It’s a film you never forget.
Nice discussion of the film. I believe it was based on a short story by William Faulkner (at least that’s what I remember from my undergrad English college days :-D). I haven’t seen the film in a long time (as I’m not a huge fan of westerns) but I do remember that potent scene with Fonda reading the letter the dead man had in his pocket to his wife and how Fonda’s eyes were shielded through the whole scene.
That is a really potent scene, isn’t it, the one with Henry Fonda reading the letter. It’s haunting.
As for William Faulkner, if he really did write the short story this movie is based on, then he was supremely ripped off. Walter Van Tilburg Clark’s name and mention of his novel appear in the opening credits. I believe the success of Clark’s Ox-Bow Incident novel enabled him to give up teaching and devote himself full time to writing.

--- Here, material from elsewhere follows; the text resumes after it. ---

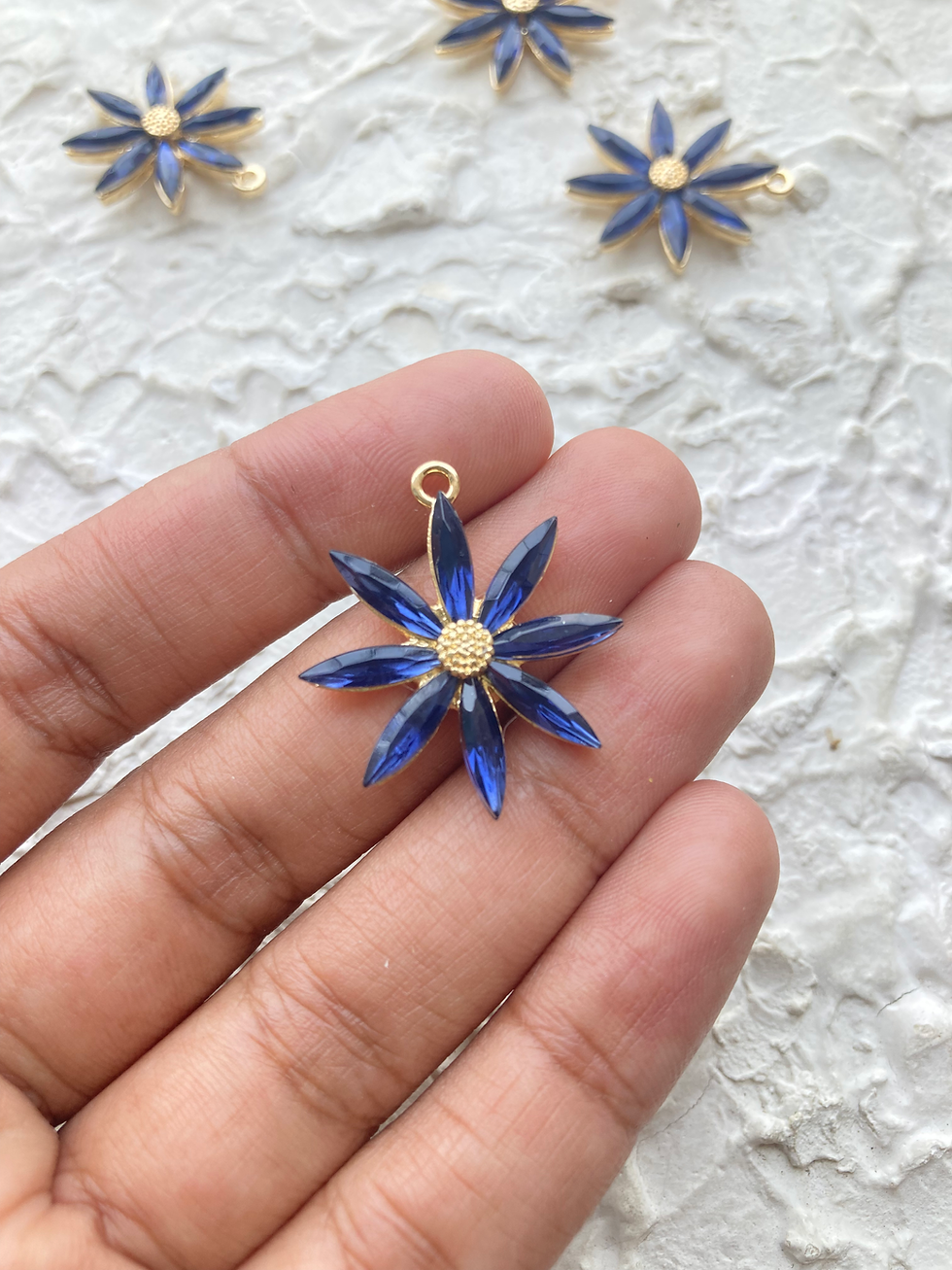 Thumbnail: Rhinestone flower alloy charm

As always, an amazing article!
The close-ups are very effective when translating an emotion or thought to film. Wellman knew how to do it very well (I remember some key scenes of A Star is Born that use close-ups). I agree we know the film will end badly from the start, and that some masterpieces take time to be recognized as such.
Thanks for the kind comment!
You’re right – close-ups are the most effective when translating emotion and Wellman does it so well. Thanks for dropping by!
I see we covered the same film. Have to say you made a great choice! The film is a masterpiece and as I have said to anyone who listens, it’s as relevant today as it was all those years ago. Great contribution!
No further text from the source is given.